Texto de André Macedo hoje publicado no "Diário de Noticias"
"O
ministro das Finanças acha inconcebível o desemprego a caminho dos 18%?
Acha inconcebível as falências em série? Acha inconcebível o nível de
impostos? O IVA galopante? A queda de investimento? O risco de motim
entre os militares? A fuga dos mais novos? O desespero dos reformados? A
desconfiança que se abate sobre partidos e instituições? Acha
inconcebível aprovar orçamentos que falham previsões e chegam a
fevereiro esmagados pela realidade?
Não. Para todos estes detalhes
pueris Gaspar não guarda espanto nenhum. Já para a hipótese de
Portugal, como a Irlanda, pedir a extensão, por mais 15 anos, do
pagamento do empréstimo aos fundos europeus que socorreram o País...
para isso o ministro escolhe palavras musculadas: inconcebível!, diz
ele. Haja moderação, acrescenta. Eu nunca tinha visto uma coisa destas. A
Irlanda tem menos necessidades do que Portugal - tem um empréstimo mais
pequeno -, até cresce alguma coisa, mas pede mais tempo. O que faz
Gaspar? Gaspar distancia--se do aliado (que gesto nobre...) e pede
cinco, dez anos no máximo. Alguém compreende?
Talvez seja a
vontade de ficar fora do radar de Berlim para não indispor ninguém.

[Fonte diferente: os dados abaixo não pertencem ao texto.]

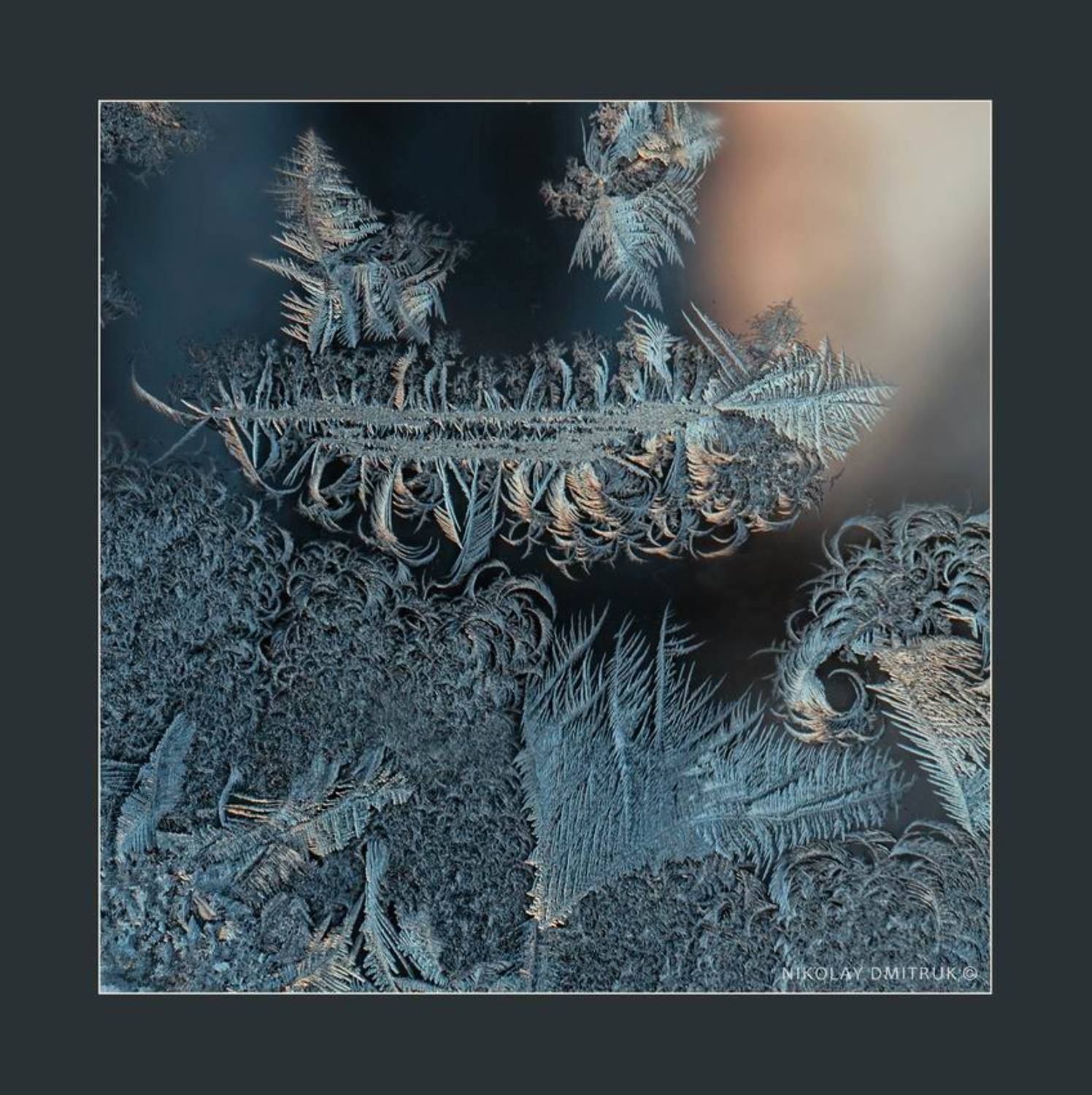 природа, минимализм, мороз, музыка, николай дмитрук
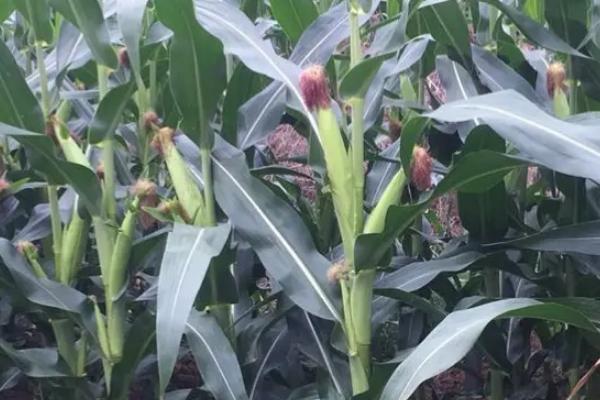 宇白单319玉米品种简介，适时防治小斑病等病虫鼠害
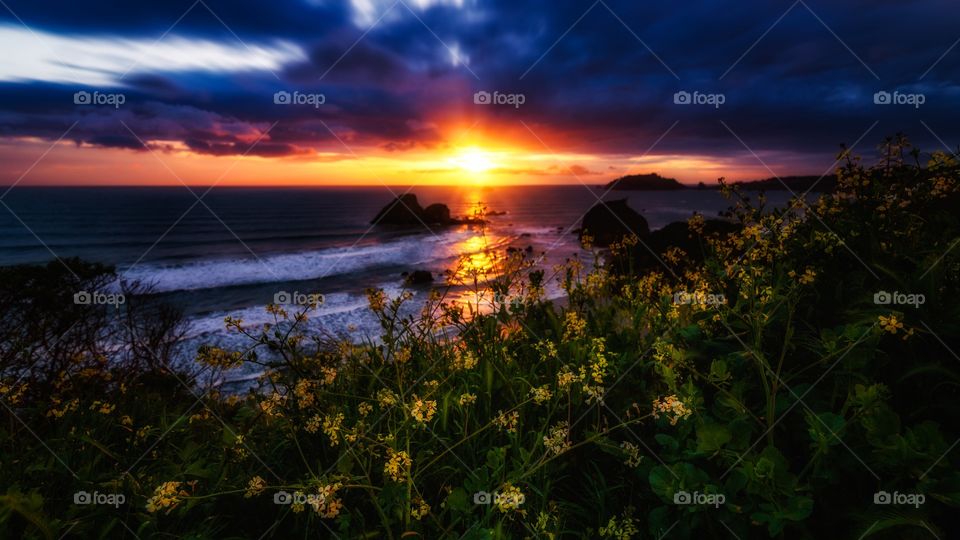 Wildflowers at Sunset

Talvez seja a determinação em estar sempre alinhado com o ortodoxo e
fraquíssimo Olli Rehn. Há argumentos a favor desta tese: os juros já não
baixaram para 3%? Não houve tolerância para a derrapagem do défice em
2012 e não pode ser adiada a meta dos 3% em 2014? Devagar -
incrementalmente, como dizem os burocratas de Bruxelas - lá vão chegando
algumas concessões e borlas.
É seguramente uma maneira de olhar
para o problema. Podemos até imaginar que Gaspar se agiganta à porta
fechada, convertendo-se num tenaz defensor dos endividados. Será? Na
verdade, só saberemos quando saírem as memórias do ministro; mas sei que
há aqui um grave problema de oportunidade. O Wall Sreet Journal
informava ontem que a zona euro caminha para o quarto trimestre
consecutivo de contração. Ou seja, a receita é má e em Portugal é pior. A
estratégia de 100% pura austeridade não resolve. Para se ter uma ideia,
os enviados de Bruxelas a Atenas são aconselhados pela Comissão a
mentir aos taxistas para não levarem uns cascudos: jamais lhes digam
quem são, inventem. É isso mesmo: a ideia é mentir. Fazer-nos crer que
não há alternativa ou que a alternativa é rasgar contratos, não fazer
reformas nenhumas. Oito ou oitenta. Não é verdade. Há alternativa:
negociar mais, colocar limites... como faz a Irlanda (que recusou subir o
IRC) e como fez Espanha, que evitou o resgate. Infelizmente, Gaspar
jamais o fará. Isso, sim, é inconcebível.
P.S. No auge da crise,
alguns bancos centrais da Europa disseram às suas instituições
financeiras nacionais para não comprarem dívida dos países em
dificuldade. Com isso, extremaram a crise. São estes os parceiros
europeus a quem Gaspar se entrega com diligência."